Wagner fighters were leaving Russia’s southern Voronezh region Sunday, the local governor said, after the group halted a dramatic rebellion to bring down Russia’s top brass and U-turned on a march to Moscow.
The Kremlin announced Saturday that the mutiny had ended after Wagner chief Yevgeny Prigozhin agreed to leave Russia for Moscow-allied Belarus.
Little is known about what happened in Voronezh region on Saturday, where Russia said the army was deployed and led “combat” operations.
A huge unexplained fire raged at an oil depot in the city during the mutiny.
“The movement of Wagner units through the Voronezh region is ending,” Voronezh governor Alexander Gusev said.
The movement “is running normally and without incidents,” Gusev added, saying travel restrictions imposed during Saturday’s operation against the mutiny will be lifted once “the situation is finally resolved.”
Gusev said authorities will inform residents about compensation for damage and thanked them for their “endurance, firmness and reason”.

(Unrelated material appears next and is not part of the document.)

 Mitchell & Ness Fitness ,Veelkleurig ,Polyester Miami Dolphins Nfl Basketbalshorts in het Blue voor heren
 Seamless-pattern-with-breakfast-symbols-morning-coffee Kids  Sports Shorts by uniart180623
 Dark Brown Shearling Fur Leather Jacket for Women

On Saturday, he had called for people in Voronezh to stay at home and expressed support for President Vladimir Putin.
Other Russian southern regions and areas on the way to Moscow, where the fighters said they would get to, began lifting restrictions imposed during the dramatic rebellion.
In southern Rostov-on-Don, where Wagner took an army HQ, train and bus stations started working normally and road restrictions were lifted, authorities said Sunday.
In Moscow, however, a “counter-terrorist operation regime” was still in force.